I've been on the board for a little less than six months now, and I think I can only say what the chairman said. I have worked together with the management team and the coworkers, and I'm very impressed about the focus, which I think is very, very, very important for a small company. You can only do very few things, and I think we as a board can only help management by making sure that they are not distracted into a lot of the other opportunities, because you can only do so much, and you have only money for so much.
And therefore, that is our task together, to manage that and make sure that we get fast study results with the highest value impact, and that is what has been described here. I'm very optimistic that we have a good team who can do it, and Anders and I will try from the board to help them.
Great. Thank you, Sten. And also, thank you for your excellent work at Novo Nordisk. I'm a very, very, very small shareholder. I wish I was a big shareholder, but... And who knows, maybe SynAct can be, an equally successful, albeit at a smaller scale, share to own. Now, it's time for Jeppe to round off this pre-Capital Markets with a few words. Welcome, Jeppe.
Yeah. Thank you very much. Just a very short wrap-up of the day. Anders, the take-home there is, you know, stay focused. We have a pretty clear path towards the strategy, and we know where we're going, we know the timelines are that we will get data end of next year, and that is that is the primary focus. Mauro Perretti, we have worked with him, as as you saw, for a long time, and as he explained, I think we have a nice opportunity here for coming with something different. There is a lot of other compounds in development, as you know, based on more or less the same technologies, based on the same type of action.
We're coming with something new, and it fits, I think, very well into something that could turn into a deal, and that is important. We will continue to work with Mauro, as we have done for a long time, and he's doing a lot of very important work in the lab. It's great to have Asger here, showing again that we fit in with the guidelines and that the study is dimensioned the right way, that the market is there. To have them on as a shareholder is nice for us as a company as well. Thomas discussed some of the learnings that we have done on the previous studies, even that we didn't get the results that we hoped for and that we wanted.
We learned a lot from the studies, and that's- I think that's very important to understand, that, when you get a huge amount of data from a study that is, maybe not giving you the results, then there's a lot of learnings. And I think, therefore, we have been able to optimize what we're doing now with the ADVANCE study. Jim Knight talked about the business potential. We have mentioned that several times today. I think it's pretty clear that there is a market potential out there. There's takers that are interested in working with us. We need to get a bit closer to data in order to get them signed in. But I'm sure that there will be several opportunities for us to do a deal.

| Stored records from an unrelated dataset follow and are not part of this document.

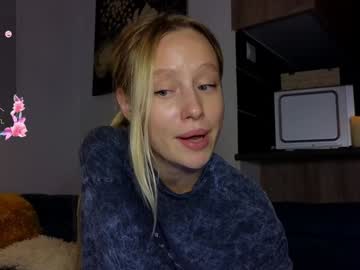 webcam girl white_lime live cam image #9895316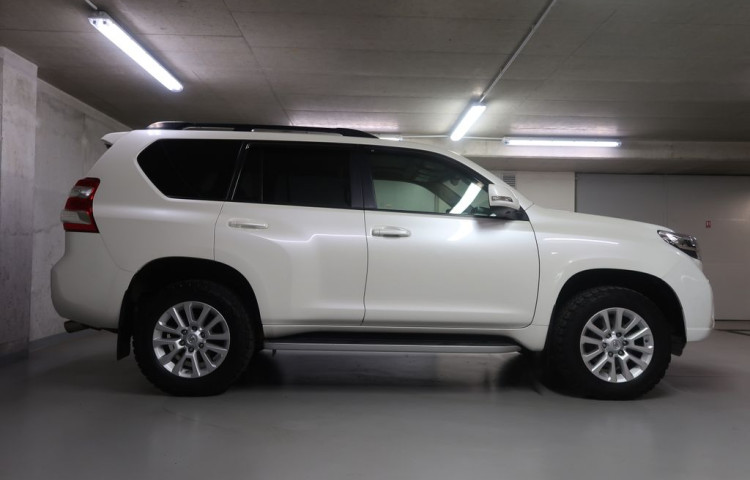 Toyota Land Cruiser 3.0D4-D,CZ,AT,4x4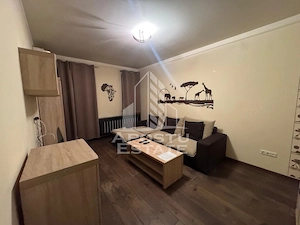 Apartament cu 2 camere de închiriat- centrala proprie, zona Ronat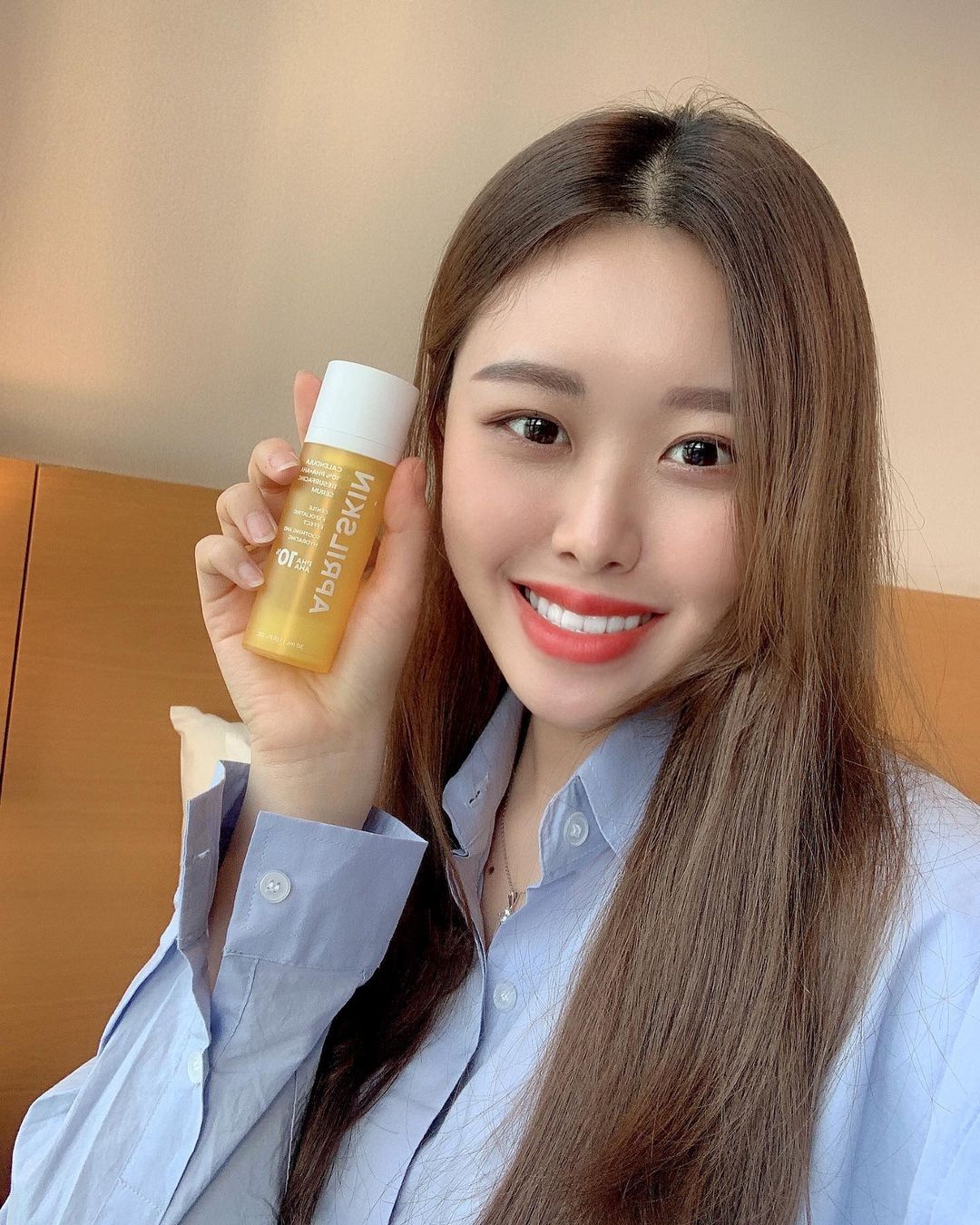  “#제품협찬 [카렌둘라 모공 타이트닝 세럼]​ 피부에 바르면 쫀쫀함이 느껴지는데 바로 흡수되며 은은한 광이 나는 느낌이랄까🙀 피지 때문에 번들거리고 블랙헤드 때문에 고민이신분들 한번써보세요👍🏻 (이건 써봐야 안다 꼭!!!) #에이프릴스킨…”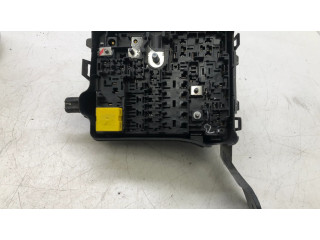 Блок предохранителей    Ford Focus    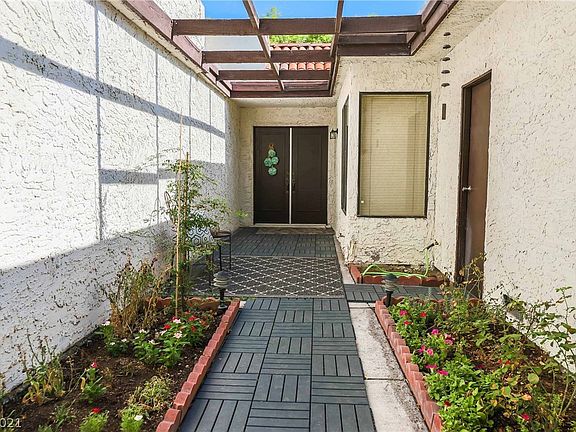 4th image of 2730 San Lago Ct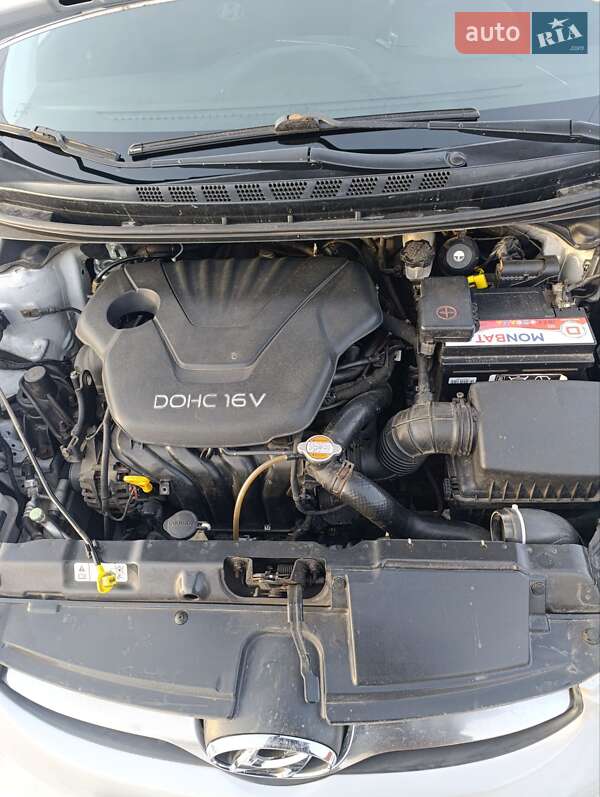 Седан Hyundai Elantra 2011 в Семенівці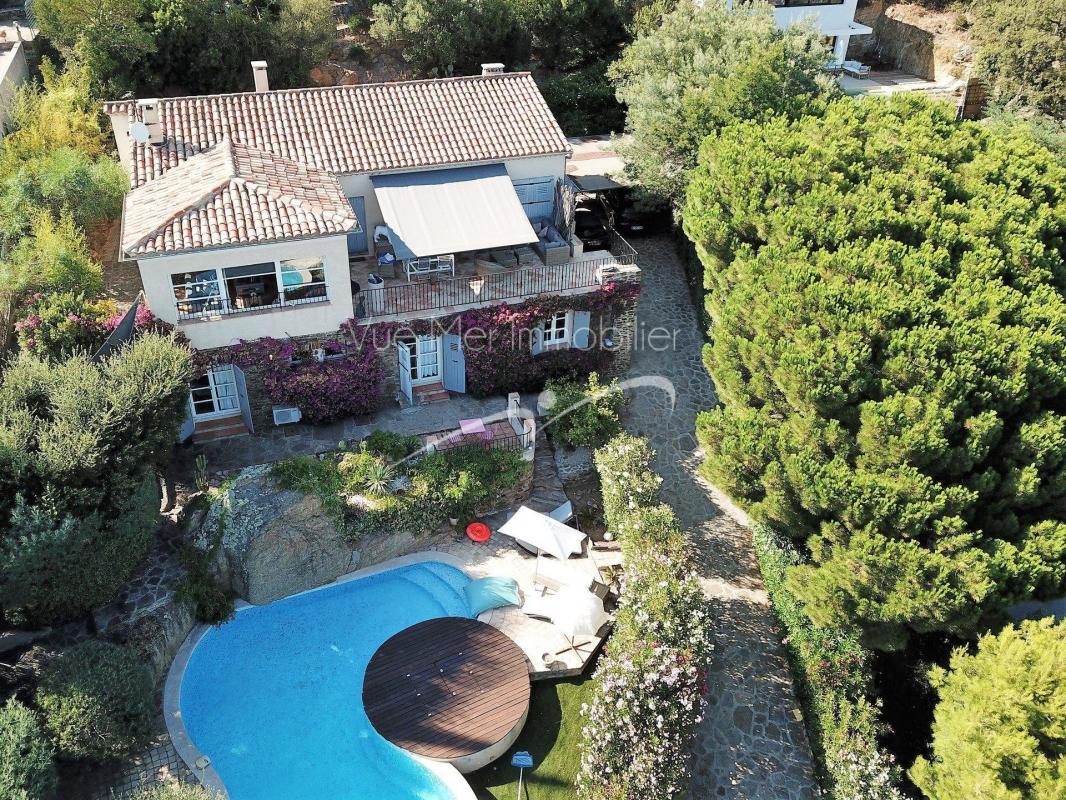Villa avec piscine dans la colline à faire estimation Bormes les Mimosas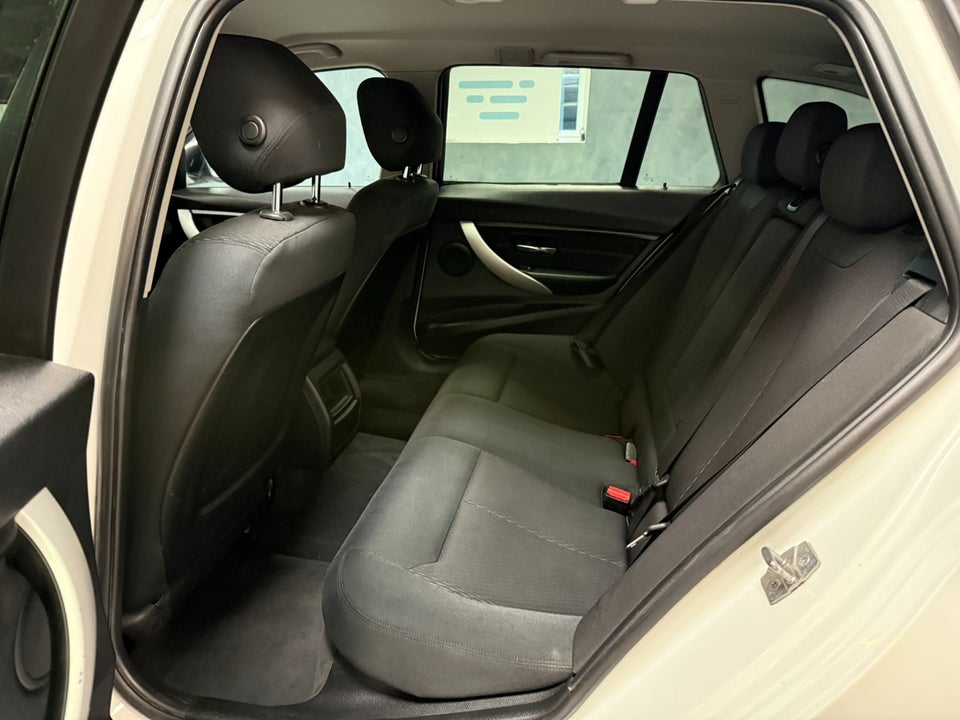 BMW 318d 2,0 Touring aut. 5d
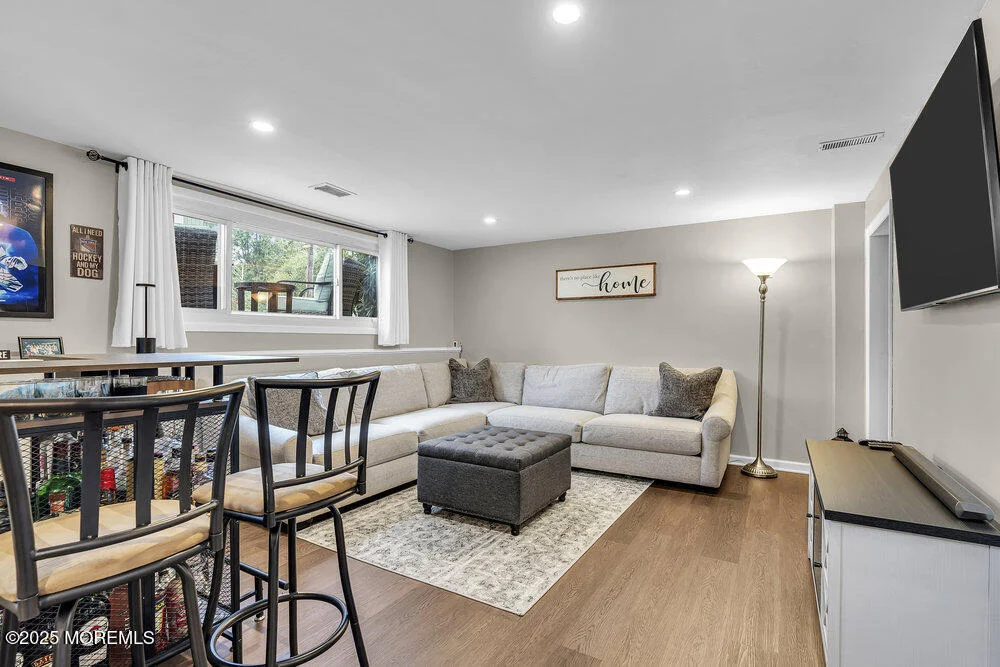 Photo of 9 Warren Drive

And then it was great to have Sten on board. As I mentioned in the beginning, it's sometimes a bit difficult to recruit highly qualified board when you're a company that's a little bit uphill. But they really stepped up. They not only stepped up when it was difficult in the very beginning, but they're also being very engaged in the company and very operational. And that is very nice for us. We don't have to work with seven or eight people in the board. We can work with three that really steps in and knows what's going on and have a pretty tight connection to what we are doing. So, with that, I will thank you all for staying on. Hope you will stay for a light lunch, and then, come and talk to us. All management are here, so, we are available. Thank you for your support.